Consequently, it is unsurprising that investors continue their risk-averse behavior, following the trend of flight to quality – defensive investing in companies with durable business models and sustainable competitive advantages, meaning low leverage, stable earnings, and high profitability. A trend observable for the public markets where the clear factor-tilt of quality returned ~31% (MSCI ACWI Quality Index) in 2023 and strongly outperformed other indices like the world-covering index MSCI ACWI (~20%), the American S&P 500 (~24%), or the German DAX (~20%). As soon as the first interest rate cuts become tangible, we expect investor confidence to return and SMEs, listed and private, to catch up.
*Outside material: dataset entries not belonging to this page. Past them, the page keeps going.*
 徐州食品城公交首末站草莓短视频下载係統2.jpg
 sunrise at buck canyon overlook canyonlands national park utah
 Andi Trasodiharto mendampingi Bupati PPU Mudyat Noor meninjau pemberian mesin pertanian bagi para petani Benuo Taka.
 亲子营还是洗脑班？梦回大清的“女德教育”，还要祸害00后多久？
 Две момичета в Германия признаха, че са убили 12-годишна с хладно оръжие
Index Performance 2023 comparison, data by PitchBook

The trend continues when looking at VC funds, with first-time fundraisers almost disappearing from the headlines with a ~74% decrease in count in 2023, compared to the peak year 2021, and the average fund size raised reaching a new peak at $ 123m (Pitchbook, 2023 Q3 YTD).

In connection with the setback to 2015 levels of capital raised by VC funds in 2023, VC fund managers increasingly grab the chance to invest in tier-one investment opportunities through deal-by-deal syndicates, boosted by lower uncertainty and a lower hurdle of commitment for LPs than with an extensive VC fund investment. This structural development benefits both VC managers and funded startups, particularly informed LPs seeking to maximize control over their invested funds.
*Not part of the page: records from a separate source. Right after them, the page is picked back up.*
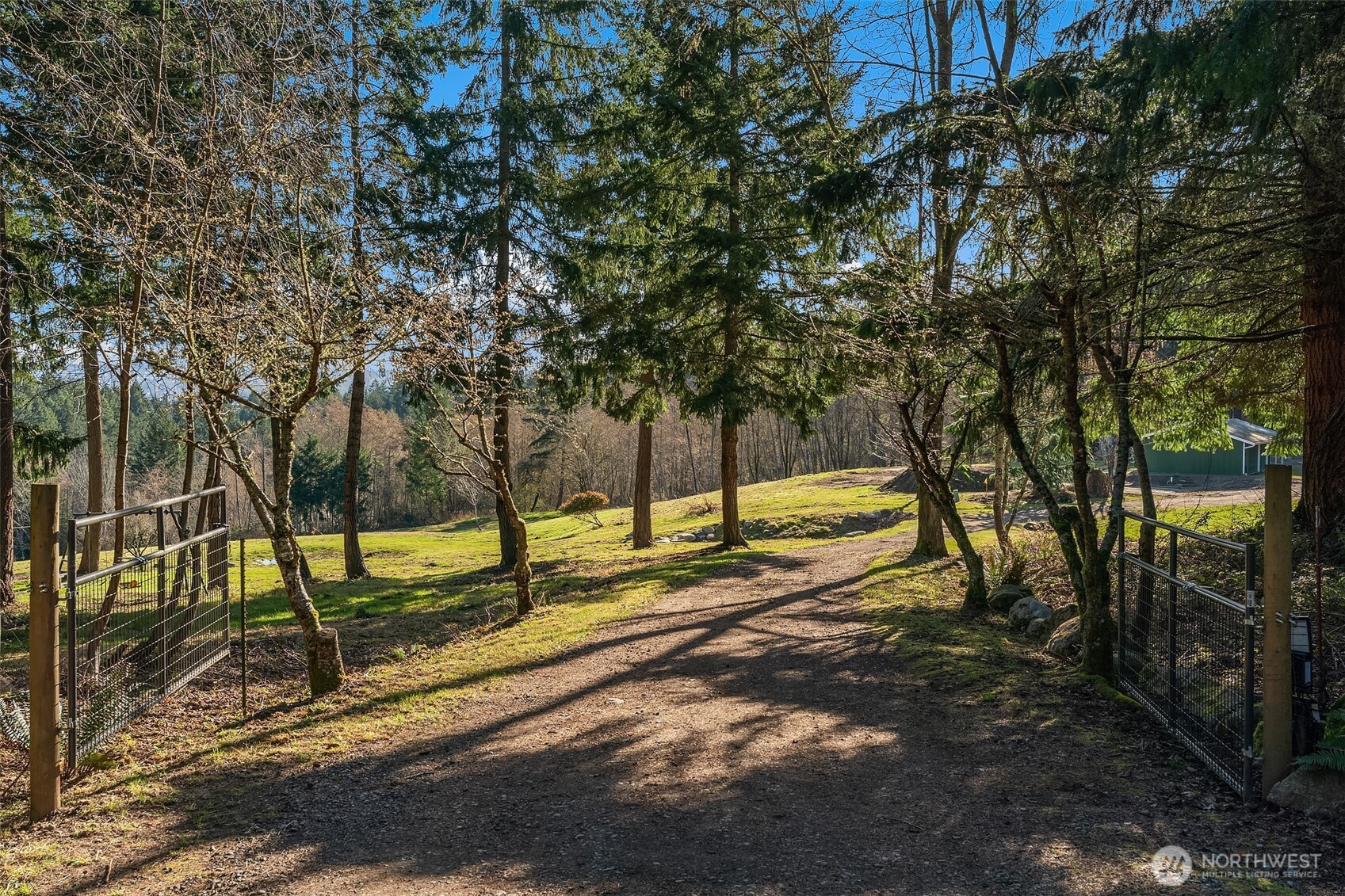 1157 12th Avenue Fox Island, WA 98333 - Photo 16 of 40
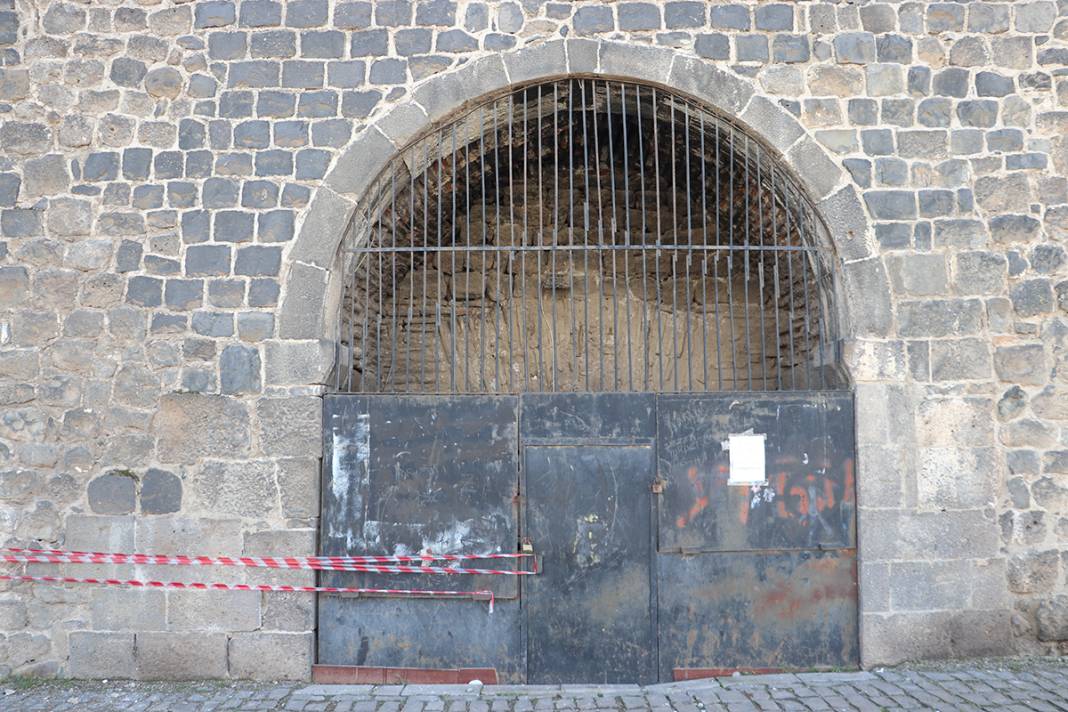 Diyarbakır'ın tarihi hasar aldı: 606 kültür varlığının 34'ü zarar gördü 1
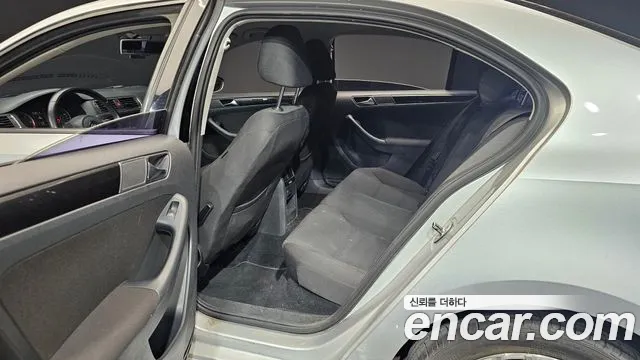 Volkswagen Jetta 2011 thumb 12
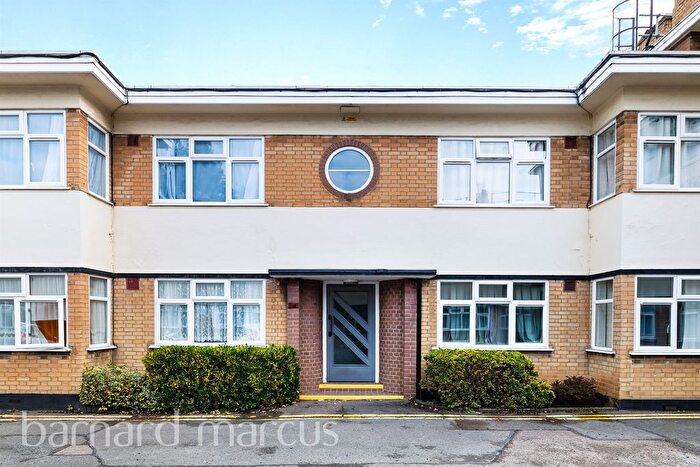2 Bedroom Flat To Rent In Lincoln Close, London, SE25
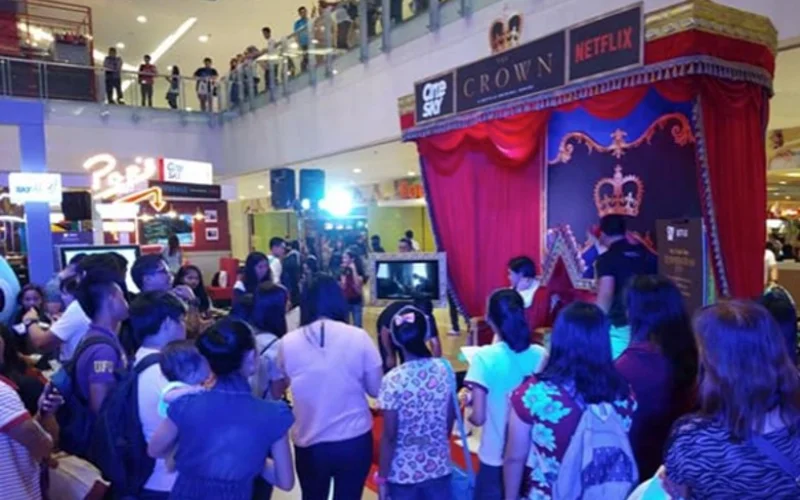 SKY ALIVE TOUR! - The CROWN Booth for Netflix 2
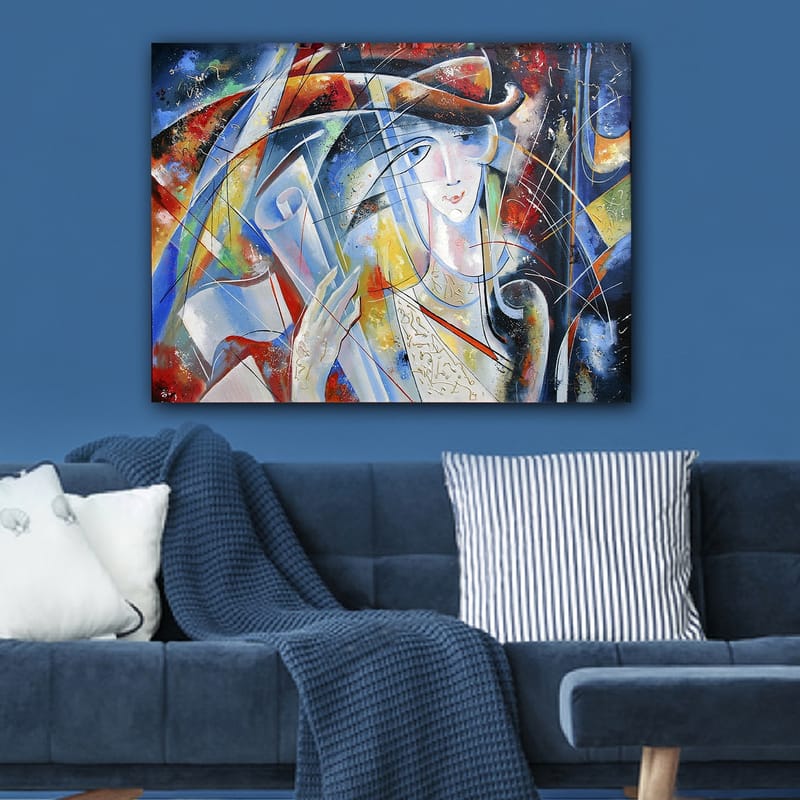 Canvastavla 70x100 cm - Abstrakt kvinna med rullad pergament i handen, omgiven av färgglada former och linjer - Blå / Röd / Vit - Inredning - Tavlor & konst - Canvastavlor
Beyond that, these public market investors also suffer from a structural shift in IPO dynamics. Nowadays, companies enter public markets at an increasingly mature stage, evident in the 3.8x larger average tech market cap at IPO during the last decade compared to the previous one, disregarding the latest outlier years. Therefore, not investing in pre-IPO increasingly compromises the ability to catch a major slice in value creation.

The current crisis-resistant cohorts indicate a strong quality for future sustainable value creation and inspire our view of the times ahead. Dry Powder remains near record high, indicating a temporary investment reluctance instead of missing funding volume. With flat or declining interest rates in 2024, we expect a significant rebound in VC deal activity. Regardless of the short- and mid-term macroeconomic difficulties, the long-term structural shift to a sustainable future with pioneering technologies generating large-scale impact at historical dimensions on our everyday lives, determining the VC case par excellence. More precisely, we are convinced that compared to the US, with 57% lower valuations across all stages, 2x more STEM students, and 1.7x more patent applications, Europe has great chances to lead the next wave of innovation and value creation. Check out our latest research “Unlocking European Growth Potential” to gain further insights into our conviction!
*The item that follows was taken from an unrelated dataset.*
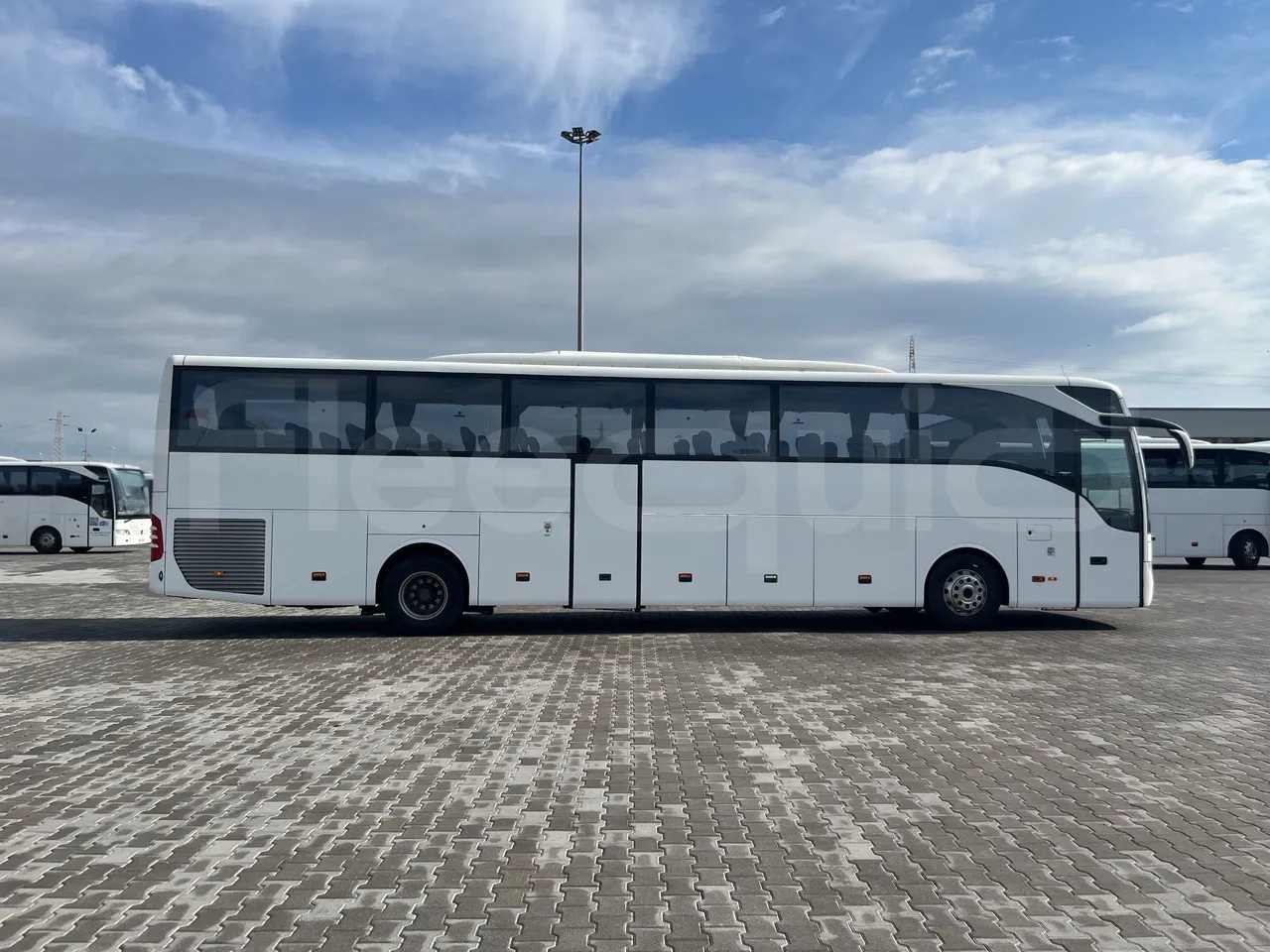 Mercedes-Benz Tourismo - Right Side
As a consequence of the ending capital abundance, we see capital efficiency as the decisive factor for a successful or failing startup. The intelligent use of all different sources of capital to finance growth is a major key to success and we look forward to continuing our active support for our portfolio companies in 2024.

We hope you are as excited and eager for 2024 as we are and wish you a successful and insightful year ahead.